Here is part of her email (project name obscured to protect the guilty :-)
This looked exactly like what we need for the XXX project where it has to still support Python 2.4.
Since most files are coded with "if __MAIN__ then:" test code for this module, we want to run both the individual file to run the test code and we want to run the overall application.
From what you said if I edited the project file directly we could have both a filetype dependant and a non-filetype dependant command for the project which ran Python2.4, and when that project was closed everything would use Python3 as usual, perfect!!
Unfortunately I can't get project filetype executes to work at all and looking at the code I can't see where they are handled.
This raised two points:
- the project filetypes execute commands code is missing completely,
I have it in an old version in my personal bazaar repository but it never made it into SVN.
- because we have more than one execute command is it possible for
one to be filetype dependent and one to be non-filetype dependent. In fact it is and it works fine when there is no project open, but as discussed previously the dialog won't edit the filetype ones at the moment.
for 1. I will fix it first since it is a pre-requisite for the suggested solution to 2., this may also allow some simplification of the implementation due to better consistency.
Done in SVN. Didn't get any simpler though :-)
for 2. I had never considered having mixed filetype/non-filetype commands, but as my colleague has said it is reasonable, and she has identified a use for it already, and it already works for non-project commands (I tested it with HEAD)
But it did cause me to think about how the dialog should work. After much thought I suggest (I'll keep it as short as possible Enrico so I won't mention any alternatives)
There are four sets of execute commands to edit, project vs non-project which is addressed by having separate dialogs and for all filetypes vs for a specific filetype which is to be addressed by the "unobtrusive" check box selecting which is being edited.
In line with current practice if any command is overridden by a higher priority one then the higher priority one is shown but it will be insensitive.

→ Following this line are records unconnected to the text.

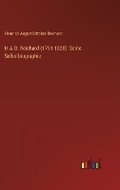 Cover: H.A.O. Reichard (1751-1828) - Outlook Verlag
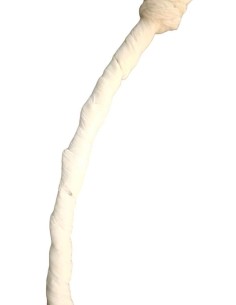 Kruh papírové lano, průměr 20 cm 2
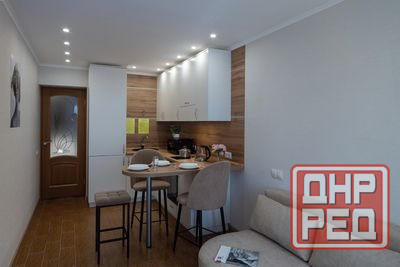 Сдаётся двухкомнатная квартира на ул. Щорса, Ворошиловский р-н Донецк - изображение 2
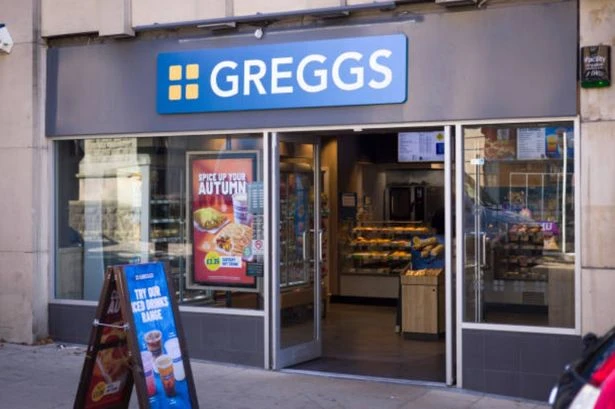 Greggs shuts 56 stores after 'challenging start’ to the year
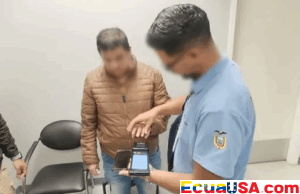 LA JUSTICIA REGRESA A CASA: EXTRADITAN DESDE COLOMBIA A UN HOMBRE ACUSADO DE FEMICIDIO EN ECUADOR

This ensures that the dialogs always show what will appear on the build menu when ok is selected.
If you edit a setting and switch the checkbox, the edit is saved in temporary storage until OK is clicked, so you can flick between all filetypes and filetype specific settings as many time as you want.

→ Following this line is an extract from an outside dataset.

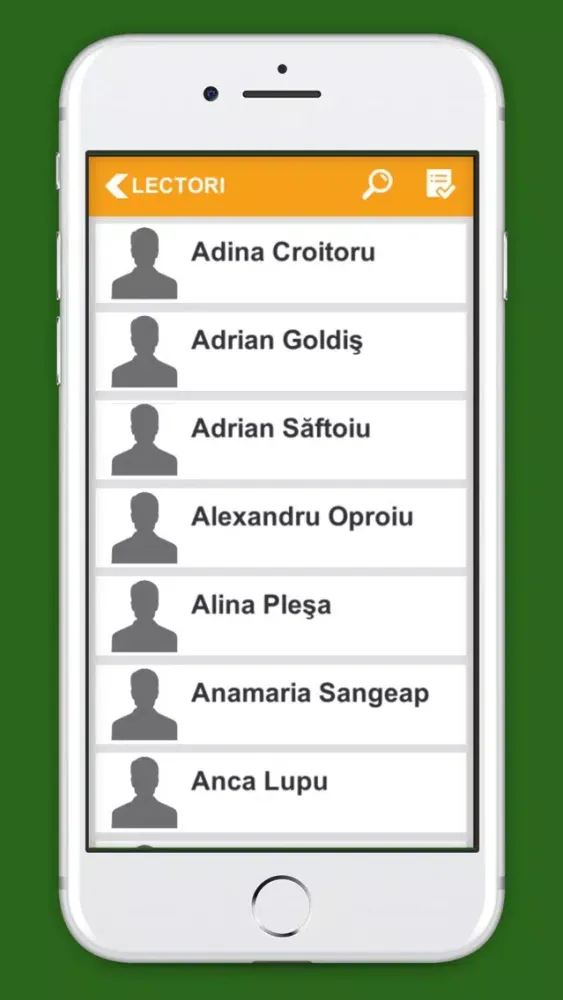 Congresul Național de Gastroenterologie București Screenshots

I made a prototype of this dialog, its terrible, very confusing, hard to tell what you are editing.
So I have made a temporary change in SVN to make the dialog save to the fieltype execute command for the build menu->set build commands dialog. The project dialog still stores execute commands for all fieltypes. This is how it used to work.
I will now take some time to look at an alternative build-system configuration dialog.

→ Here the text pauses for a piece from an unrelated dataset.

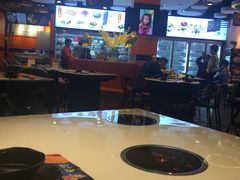 大堂-锅小主火锅(楚翘城店)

Sorry for so few feedback, real-life is biting, as you know.
I see your colleagues use-case but also please remind that not every user has such special needs. The goal of Geany's build system always was to provide a simple way of quickly compiling/build/running the current file for quick testing, not to fulfil a whole build setting requirement. The current build system just went into another direction and I think more and more if we shouldn't move some parts out either into plugins or something else, just to get it more to the previous way where it was usable without hours of reading...
Don't get me wrong, it's great what you have done but I'm just in doubt whether this is what we want in Geany. But also I realise that I'm kind of late and so probably changing it isn't worth at all. No idea.